La ciudad —imagen del cosmos— ofrece una totalidad sin resquicios, donde incluso las contradicciones que percibimos no parecen sino indicios de una realidad mayor, demasiado amplia para ser abarcada, para ser comprendida, una realidad en la que incluso un intruso como Budai tiene un sitio; y ese sitio, acaba encontrándolo, cuando su situación irregular se resuelve de la única forma posible, y es expulsado del hotel, de esa guarida hurtada, para finalmente ocupar el único lugar que le puede corresponder, aquel donde su incapacidad de partida —la incomprensión del idioma— deja de ser tal: en el mercado de abastos, junto a los demás mozos de cordel, los miserables que pernoctan en los rincones, que no necesitan comunicarse sino al nivel más elemental, ponerse en cola para cargar los fardos y ganar las cuatro perras que aseguran su sustento. No me parece en absoluto casual que la expulsión del hotel —inevitable, como el propio Budai sabía—, venga marcada por la escena del extraordinario duelo con el portero, evidente remedo de una comedia de cine mudo. Porque cruzado ese umbral, el lenguaje deja de existir, y por ende la singularidad de Budai.

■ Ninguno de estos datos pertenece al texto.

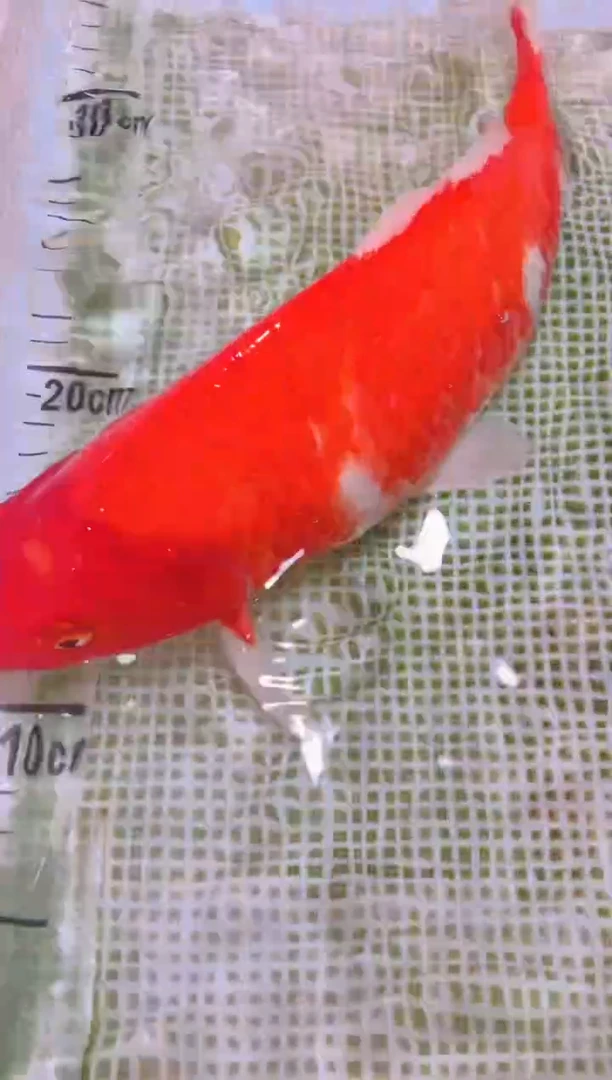 锦鲤冷水观赏鱼全场包邮22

El cortés erudito, el gran filólogo, se funde en el lumpemproletariado de la ciudad, y la novela, en su último capítulo, le brinda la oportunidad de asumir su nueva condición, unido a la masa humana —primero alegre, después vociferante, armada y belicosa, y finalmente derrotada—, tomando parte activa en la sublevación, lleno de optimismo, deseoso de ir donde vayan los otros, de compartir un destino común. Bien es verdad que para ser carne de cañón, ninguna necesidad hay de comprender los discursos. El ademán de los oradores lo dice todo —desde el carismático líder rebelde y sus abnegados seguidores hasta el adusto oficial, impasible bajo las balas—, cada cual cumple con su papel como cómicos en escena, y lo que pudiera parecer un momento histórico a la postre revela ser un evento cíclico, rutinario casi, una explosión periódica para desfogar las pasiones. No podría concluir el relato con mayor rigor, con mayor crudeza. Y sin embargo, dos líneas después, Budai alcanza su misteriosa recompensa, en un parque soleado, rodeado de la sempiterna muchedumbre que parece por primera vez disfrutar de la vida, sosegada y alegre. El detalle trivial, la señal mínima que tan tozudamente ha buscado aparece ante él —como la vela en el horizonte a los ojos del náufrago—. Si para un náufrago el universo queda reducido a los confines de su isla, esa vela en el horizonte restablece la verdadera dimensión del mundo, vuelve alcanzable la realidad de la que ha sido exiliado. Rescate tan arbitrario como insubsistente su condena: el mérito de Robinsón no fue escapar de su isla sino sobrevivir en ella, preservar su razón, su ser, en circunstancias extremas. Budai, del mismo modo, lee en el movimiento del agua del estanque el fin de un cautiverio, pero a la vez el fin de una exploración, de una aclimatación, de un esfuerzo solitario por subsistir, por adaptarse, por superar un medio hostil. La más absoluta soledad se vive en medio de la muchedumbre, y Budai, náufrago de multitudes, puede abandonar su isla desierta con el corazón ligero. No le cabe duda, pronto estará en casa.